I've got a couple projects. I've got a TV series that I had sold in the U.S. about five years ago. I couldn't sell foreign. It's called "The Strangers." We have a trailer for it. If I say the plot I have to give everything away. I'm also talking to people about optioning a book. Nothing's going to happen until next year anyway.

Esplatter: What was the casting process like for 'Flight'?

It took about four weeks. I didn't let the casting agent read people ahead of me. I wrote the script with Derek Webster before. I worked with him on "Nightman" before. Also, I wanted to cast Laura Cayouette, who plays the first zombie. She did "Kill Bill," just a ton of stuff. I kind of tend to use the same people or people I've worked with in the past. Kevin O'Connor was just one of the people you look at and say it would be great to work with him.

Esplatter: What was it like knowing you had a hit on your hands when you first started getting feedback about the movie?

The first time I really had a huge impact was at the Brussels International Film Festival. They were cheering, yelling, laughing and screaming. Plus it was a lot of fun to make the movie. Besides me rigging them with squibs, shaking them up, no one really complained at all.

Esplatter: What do you think of the horror genre today?

I'm just in Boston going to the Fantastic Fest.
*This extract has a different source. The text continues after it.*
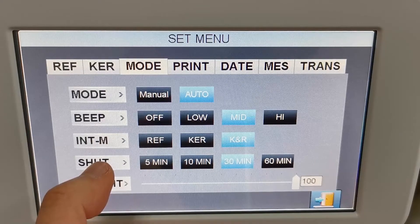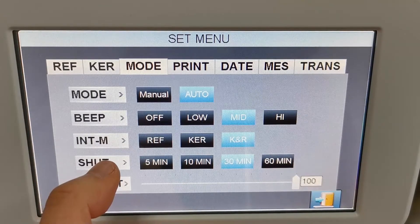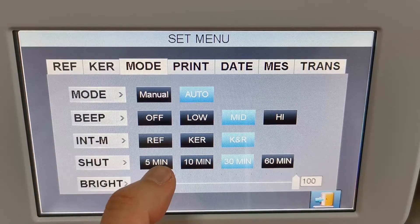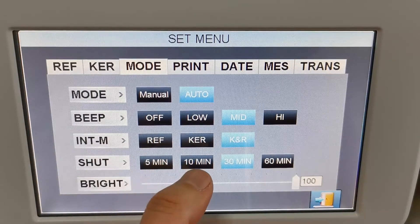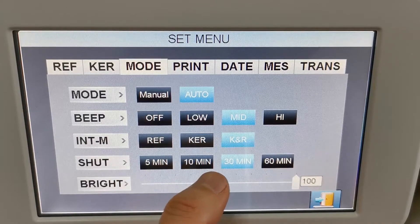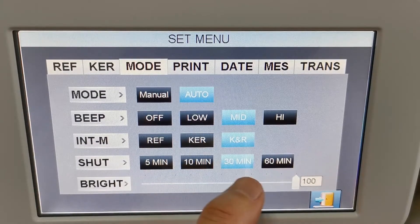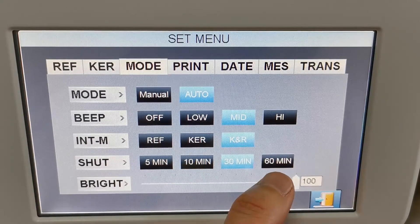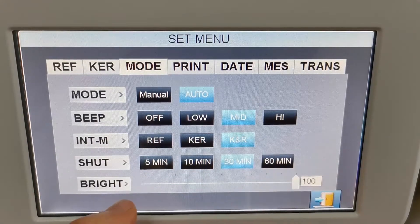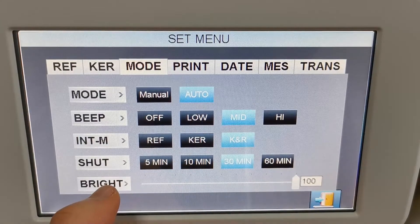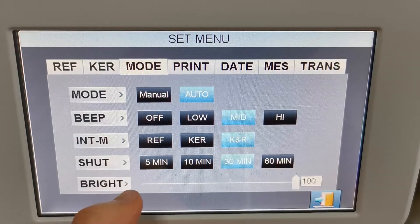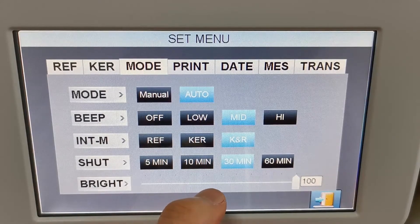Here is the standby function — the device will automatically go into standby in 5 minutes, 10 minutes, 30 minutes, or 60 minutes. And the last one is the brightness control for the screen.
I saw four movies a day for five days in a row. I saw some great stuff.

Esplatter: What was the best movie you saw?

"Time Crimes" is a Spanish film. Low budget, smart movie.

Esplatter: Do you think the horror genre is healthy given the bad box office of some films?

There's a lot out there. The new Will Smith thing. The box office in general is funky. It's in transition. Every studio in town is having a direct to DVD division. I think with the Internet and VOD the industry is changing. It's unfortunate because there's really nothing like seeing a movie with a crowd.